When I graduated high school, this is the last thing I saw myself doing. Well, maybe not the last thing, but definitely not high on my list. I think maybe that's why some people are more or less shocked with my decision. A college education has never not been on my list of things to achieve.But I don't really care what those people have to say. They don't know what I've been going through since I entered college, they didn't have the same personal experience that I did when they went to college. They're also not me. So if they're not me, and haven't had the experience that I've had, who are they to tell me my decision is wrong? I'm happy, and that's all I care about.

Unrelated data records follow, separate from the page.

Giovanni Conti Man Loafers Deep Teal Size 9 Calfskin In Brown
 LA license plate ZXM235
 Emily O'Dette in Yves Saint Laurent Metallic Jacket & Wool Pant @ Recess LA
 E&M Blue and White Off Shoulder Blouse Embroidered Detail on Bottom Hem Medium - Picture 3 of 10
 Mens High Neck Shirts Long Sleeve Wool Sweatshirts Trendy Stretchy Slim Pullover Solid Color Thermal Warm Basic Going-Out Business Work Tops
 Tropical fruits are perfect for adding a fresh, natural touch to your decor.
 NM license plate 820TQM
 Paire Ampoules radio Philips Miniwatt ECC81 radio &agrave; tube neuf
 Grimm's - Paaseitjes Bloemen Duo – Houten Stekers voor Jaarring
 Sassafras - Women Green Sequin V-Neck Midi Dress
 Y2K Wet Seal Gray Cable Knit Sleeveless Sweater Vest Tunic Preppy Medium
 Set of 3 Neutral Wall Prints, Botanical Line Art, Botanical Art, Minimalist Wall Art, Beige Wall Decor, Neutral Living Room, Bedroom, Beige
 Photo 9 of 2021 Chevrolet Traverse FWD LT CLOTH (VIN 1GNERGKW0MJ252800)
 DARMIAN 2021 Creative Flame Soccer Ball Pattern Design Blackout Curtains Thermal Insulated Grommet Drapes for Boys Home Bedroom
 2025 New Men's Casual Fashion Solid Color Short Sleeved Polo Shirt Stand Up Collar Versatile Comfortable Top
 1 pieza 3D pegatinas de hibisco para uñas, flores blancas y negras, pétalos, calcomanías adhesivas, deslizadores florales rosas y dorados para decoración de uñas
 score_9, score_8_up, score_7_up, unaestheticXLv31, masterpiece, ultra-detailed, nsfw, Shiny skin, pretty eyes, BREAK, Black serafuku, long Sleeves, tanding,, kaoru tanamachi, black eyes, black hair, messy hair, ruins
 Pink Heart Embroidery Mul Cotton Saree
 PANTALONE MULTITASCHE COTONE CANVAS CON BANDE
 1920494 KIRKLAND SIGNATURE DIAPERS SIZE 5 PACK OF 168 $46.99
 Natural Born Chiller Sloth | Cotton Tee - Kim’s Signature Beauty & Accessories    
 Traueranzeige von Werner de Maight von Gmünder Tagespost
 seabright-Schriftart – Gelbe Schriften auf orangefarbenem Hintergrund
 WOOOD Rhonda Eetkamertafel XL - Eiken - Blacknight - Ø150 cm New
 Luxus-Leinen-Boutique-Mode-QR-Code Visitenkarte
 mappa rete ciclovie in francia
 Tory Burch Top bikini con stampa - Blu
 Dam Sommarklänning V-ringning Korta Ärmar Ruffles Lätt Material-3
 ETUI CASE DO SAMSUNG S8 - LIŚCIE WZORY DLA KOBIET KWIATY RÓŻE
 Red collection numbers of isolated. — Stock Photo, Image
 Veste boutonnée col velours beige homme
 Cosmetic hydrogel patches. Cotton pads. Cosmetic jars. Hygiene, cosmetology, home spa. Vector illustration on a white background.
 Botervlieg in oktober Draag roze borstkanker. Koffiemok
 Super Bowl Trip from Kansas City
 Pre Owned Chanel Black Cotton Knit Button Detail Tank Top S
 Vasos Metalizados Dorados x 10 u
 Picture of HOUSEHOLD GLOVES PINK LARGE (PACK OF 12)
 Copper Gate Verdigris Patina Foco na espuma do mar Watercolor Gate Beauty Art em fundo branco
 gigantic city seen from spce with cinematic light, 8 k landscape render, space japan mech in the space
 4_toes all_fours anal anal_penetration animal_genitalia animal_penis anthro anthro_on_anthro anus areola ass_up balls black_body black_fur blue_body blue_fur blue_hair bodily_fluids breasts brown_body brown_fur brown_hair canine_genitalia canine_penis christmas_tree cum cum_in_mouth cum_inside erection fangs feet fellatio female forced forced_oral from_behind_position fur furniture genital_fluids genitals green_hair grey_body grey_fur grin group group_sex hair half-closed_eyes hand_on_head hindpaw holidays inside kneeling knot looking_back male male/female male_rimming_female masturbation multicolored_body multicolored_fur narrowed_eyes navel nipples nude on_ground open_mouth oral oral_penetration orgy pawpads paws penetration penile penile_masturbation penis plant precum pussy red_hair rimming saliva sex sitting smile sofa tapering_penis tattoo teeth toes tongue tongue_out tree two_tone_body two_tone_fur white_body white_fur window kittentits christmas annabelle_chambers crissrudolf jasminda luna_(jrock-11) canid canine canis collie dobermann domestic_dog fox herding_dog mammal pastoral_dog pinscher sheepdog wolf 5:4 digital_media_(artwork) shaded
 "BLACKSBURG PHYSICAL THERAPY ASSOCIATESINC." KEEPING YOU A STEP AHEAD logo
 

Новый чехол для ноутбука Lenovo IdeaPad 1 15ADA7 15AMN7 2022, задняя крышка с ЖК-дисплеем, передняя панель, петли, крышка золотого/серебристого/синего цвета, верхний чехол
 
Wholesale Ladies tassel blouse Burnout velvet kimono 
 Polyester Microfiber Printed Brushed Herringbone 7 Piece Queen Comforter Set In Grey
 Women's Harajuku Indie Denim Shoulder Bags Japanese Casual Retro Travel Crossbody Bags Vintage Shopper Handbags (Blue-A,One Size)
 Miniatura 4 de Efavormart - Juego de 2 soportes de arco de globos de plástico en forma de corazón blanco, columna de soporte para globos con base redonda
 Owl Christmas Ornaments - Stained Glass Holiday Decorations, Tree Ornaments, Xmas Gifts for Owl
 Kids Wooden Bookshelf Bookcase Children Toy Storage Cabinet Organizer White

So I'll start on June 11th, and if I have 100% attendance, I should graduate mid-April, if not, then it will be mid-May. It will be 5 days a week, 8:30-4:30 every day. It's 4 phases: the first phase is the basics where I'll practice on mannequin's; the second phase, I'll start spending some time on the floor, but still mostly mannequin's; for the third and fourth phases, I'll primarily be working on people, and the fourth phase is where I will take my board exam to get my license, and they'll also help me prepare for interviews and jobs after graduation. That's what I liked most about Ogle, was that fourth phase. None of the other schools had that. They also didn't have classrooms designated for each phase, or have sinks, driers, etc., in each classroom. And everyone I talked to told me that this was the place to go. And the kit that is included is AMAZING! They provide so much more than the other places. They also require you to take two electives, to help you specialize in something. Pretty much, there are a million and one reasons why this is the best cosmetology school out there, and I can't wait for June.